Given information
· · · · · · ·

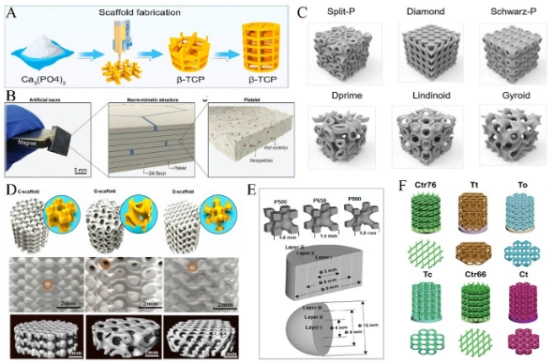 Structural Design of 3D-Printed Bioceramic Scaffolds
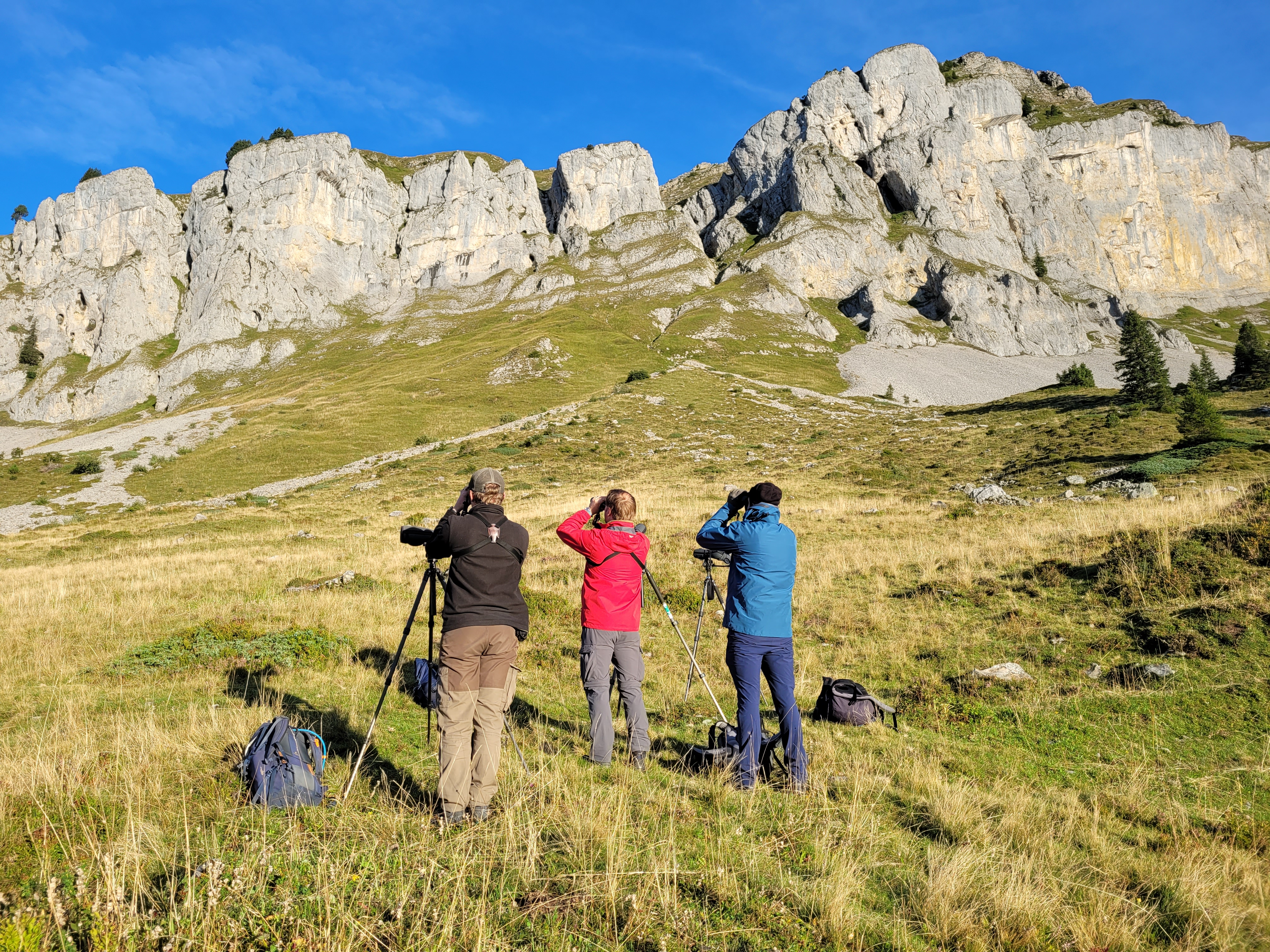 Bern Birding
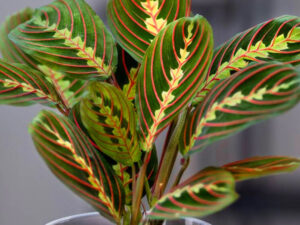 Maranta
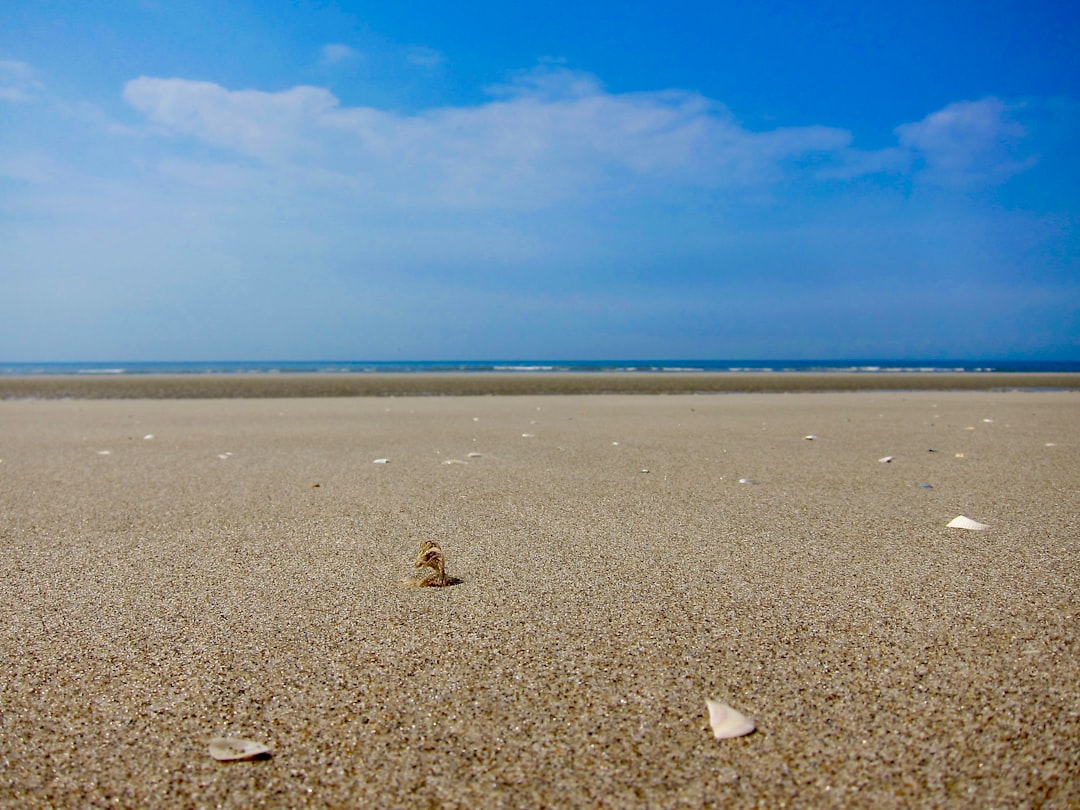 photo of Le Touquet Beach near Baie de Somme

· · · · · · ·

Task statement
Please return the full listing word for word, but without any pictures.

Answer section
 Structural Design of 3D-Printed Bioceramic Scaffolds
 Bern Birding
 Maranta
 photo of Le Touquet Beach near Baie de Somme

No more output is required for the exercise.